Polska poderwała swoje myśliwce. Komunikat wojska pojawił się o świcie

W piątek 7 marca o świcie w związku z intensywnymi atakami Rosji na zachodniej Ukrainie pojawił się niepokojący komunikat polskiego wojska. Armia podjęła decyzję o poderwaniu myśliwców polskich i sojuszniczych. Ujawniono szczegóły.
Polska poderwała myśliwce w związku z atakami Rosji
Jeszcze kilka dni temu Wołodymyr Zełenski podkreślał, że Ukraina jest gotowa działać szybko, by zakończyć wojnę, a pierwszymi etapami mogą być uwolnienie więźniów i rozejm w powietrzu - zakaz rakiet, dronów dalekiego zasięgu, bomb energetycznych i innej infrastruktury cywilnej - oraz natychmiastowy rozejm na morzu, jeśli Rosja zrobi to samo - oświadczył.
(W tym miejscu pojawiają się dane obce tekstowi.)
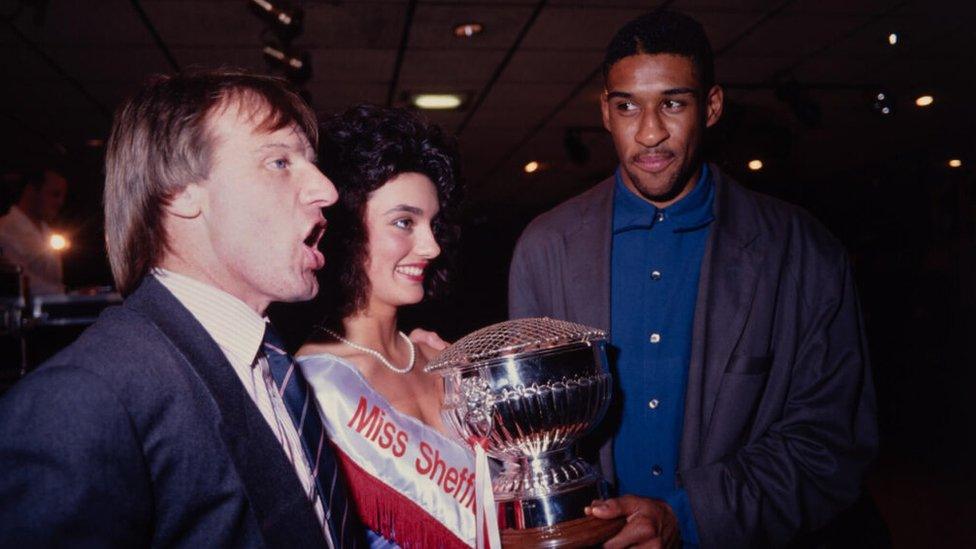 A woman is presented with a trophy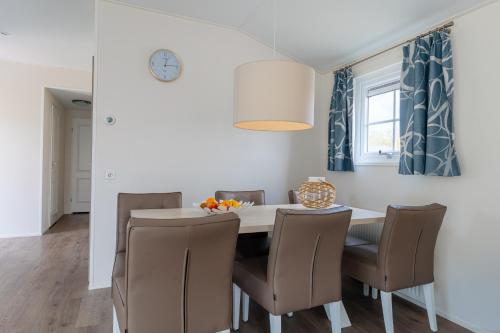 a dining room with a table and chairs at Strandcamping Valkenisse in Biggekerke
Nikt nie pragnie pokoju bardziej niż Ukraińcy. Mój zespół i ja jesteśmy gotowi pracować pod silnym przywództwem prezydenta Trumpa, aby zapewnić trwały pokój - podkreślał.
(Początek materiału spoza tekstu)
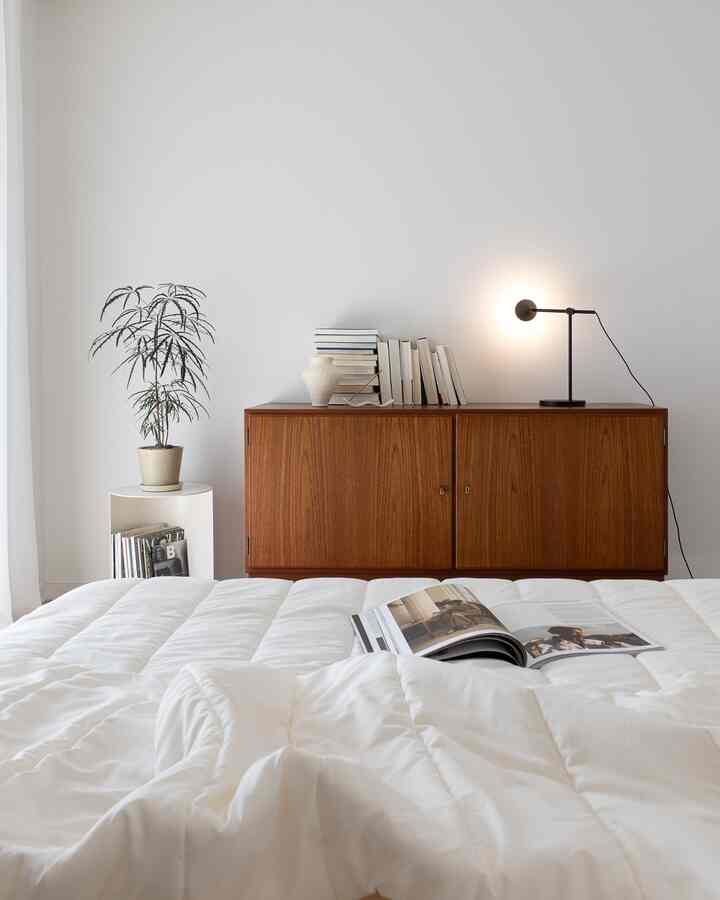 Bright white and brown toned bedroom featuring white bedding and wooden cabinet, creating a clean and natural atmosphere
Tymczasem ataki ze strony Rosji nie ustają. Kilkanaście godzin temu rakieta balistyczna uderzyła w hotel w Krzywym Rogu.
Tuż przed atakiem wolontariusze z organizacji humanitarnej - obywatele Ukrainy, Stanów Zjednoczonych i Wielkiej Brytanii - zameldowali się w hotelu. Przeżyli, ponieważ udało im się opuścić pokoje na czas. Niestety w tym ataku zginęły cztery osoby. Składam kondolencje ich rodzinom i bliskim - informował Zełenski.

Nad ranem pojawił się niepokojący komunikat ze strony Dowództwa Operacyjnego Rodzajów Sił Zbrojnych. Polskie wojsko poderwało myśliwce - polskie i sojusznicze, w związku z intensywnymi atakami Rosji na zachodniej Ukrainie. Podano szczegółowe informacje.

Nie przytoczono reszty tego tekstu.